Sentimentalitas dalam Menulis Fiksi Kreatif

Sentimentalitas vs Sentimen — Dunia Perbedaan

Sentimentalitas muncul sebagai masalah bagi hampir setiap penulis di beberapa titik. Dalam upaya untuk menyampaikan emosi yang kuat, mudah untuk pergi terlalu jauh dan membuat pembaca Anda merasa dimanipulasi, alih-alih pindah. Emosi over-the-top membawa risiko mata berguling dan - kasus terburuk dari semua - pembaca meletakkan mahakarya Anda ke samping, tidak pernah kembali untuk membacanya.

Sentimen adalah hal yang baik. Kami ingin pembaca kami mengalami emosi saat mereka membaca karya kami.

Sentimentalitas, di sisi lain, mengacu pada emosi yang berlebihan atau tidak pantas, dan itu harus dihindari dalam fiksi di semua biaya.

Apa bedanya?

Pikirkan buku bagus terakhir yang Anda baca, yang tidak bisa Anda letakkan, yang membuat Anda melirik jam di samping tempat tidur di larut malam, berpikir, "Saya harus bangun dan segera berangkat bekerja. Satu lagi halaman dan lampu, aku bersumpah. " Dalam semua kemungkinan, Anda berada di cerita itu bersama dengan pahlawan atau pahlawan wanita. Anda mengalami apa yang dia alami. Itu sentimen.

Sentimentalitas adalah penulis yang memberi tahu Anda apa yang dia ingin Anda rasakan, sering kali dengan memberi tahu Anda apa yang dirasakan oleh pahlawan atau pahlawan wanita.

"Pemandangan itu menakutkan" adalah contoh sentimentalitas yang telanjang-tulang. "Darah menetes dari pisau dalam gumpalan yang lambat dan menggelitik" adalah sentimen.
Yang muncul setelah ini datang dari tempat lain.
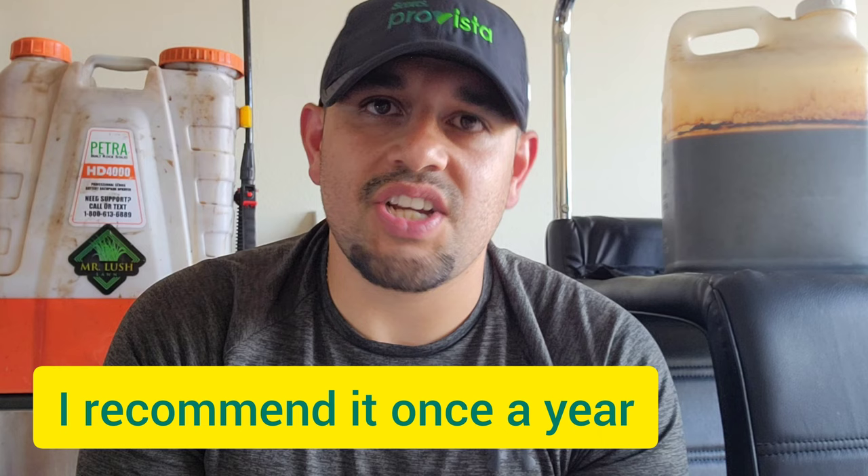I got tons of messages saying, 'David, you didn't truly scalp your front lawn, you only went a little lower.' Yes, but even a 2-inch cut on a St. Augustine is probably too low. So I wanted to show you guys that you can truly scalp your St. Augustine and go all the way down to the lowest setting. The reason I did that was to promote new growth and provide more airflow to the soil. It's pretty normal to scalp St. Augustine in South Texas, probably throughout the whole year, since it's hot and humid — in other words, it's growing season throughout the whole year.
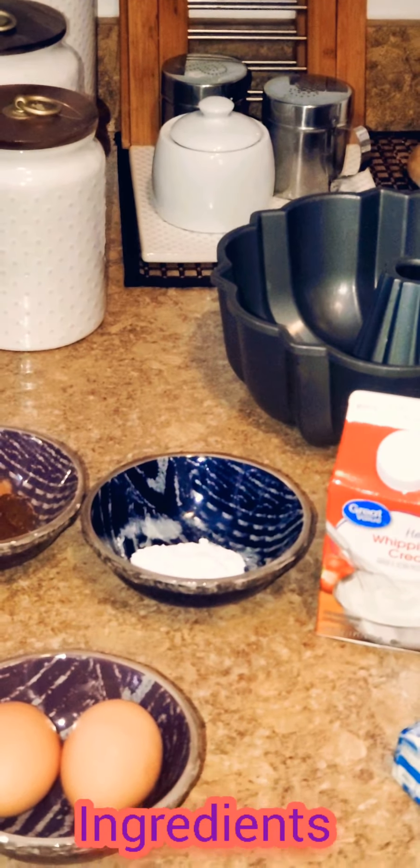The first thing I want to do is start sifting my flour, so I'm just going to sift some at a time. I'm also going to take the time to put in my one and a half teaspoons of ground cinnamon and my one fourth teaspoon of ground cloves, and I'm just going to sift this all together.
Ini menginspirasi perasaan. Ini juga memberitahu pembaca bahwa darah tidak lagi hangat. Anda sedang mengatur suatu adegan, tidak hanya memberi tahu pembaca apa yang terjadi.

Mencapai Sentimen

Salah satu cara paling produktif untuk mencapai sentimen atas sentimentalitas adalah secara harfiah menempatkan diri Anda dalam sepatu pahlawan atau pahlawan saat Anda menulis. Lihat apa yang dia lihat. Katakan pada pembaca Anda apa adanya. Jangan mencoba untuk memberi tahu pembaca Anda bagaimana perasaan karakter Anda atau bereaksi terhadap apa yang ia alami.

Tunjukkan pada mereka. Menyampaikan cerita pada orang pertama adalah praktik yang baik untuk mengasah keterampilan yang dapat Anda bawa ke pekerjaan lain.

Menggunakan dialog juga bisa sangat membantu dalam mencapai sentimen. "'Lari lari lari!' teriaknya "mengerti bahwa darah sama sekali bukan barang yang bagus, bahkan jika itu sudah menetes dari pisau cukup lama untuk mendinginkan sedikit.

Dan melemparkan klise ke luar jendela. "Jantungnya berhenti" sama merendahkan pembaca seperti, "Pemandangan itu menakutkan."

Lakukan beberapa penelitian

Cara terbaik untuk belajar tentang sentimentalitas adalah membaca secara luas, baik sastra maupun bubur kertas. Perhatikan reaksi Anda sendiri terhadap buku saat Anda membaca, dan pelajari mengapa mereka berhasil atau gagal dalam memprovokasi emosi dalam diri Anda.

Akhirnya, ada baiknya menunjukkan bahwa ada kemungkinan untuk overcorrect untuk sentimentalitas, seperti John Irving mengingatkan kita dalam esai New York Times, "In Defense of Sentimentalality."

Tetapi sebagai seorang penulis, hal ini sangat pengecut sehingga takut sentimentalitas bahwa seseorang menghindari hal itu sama sekali. Hal ini khas - dan dapat dimaafkan - di antara para penulis mahasiswa untuk menghindari berpikiran sempit dengan hanya menolak untuk menulis tentang orang-orang, atau dengan menolak karakter-karakter subjek yang ekstrem secara emosional. Sebuah cerita pendek tentang empat hidangan dari sudut pandang garpu tidak akan pernah sentimental; itu mungkin tidak terlalu penting bagi kita juga. Ketakutan akan kontaminasi oleh sinetron menghantui penulis yang berpendidikan - dan pembaca - meskipun kita berdua lupa bahwa di tangan gumpalan, "Madame Bovary" akan menjadi bahan yang sempurna untuk televisi siang hari dan perlakuan kontemporer "The Brothers Karamazov" bisa terjebak dengan pengaturan kampus.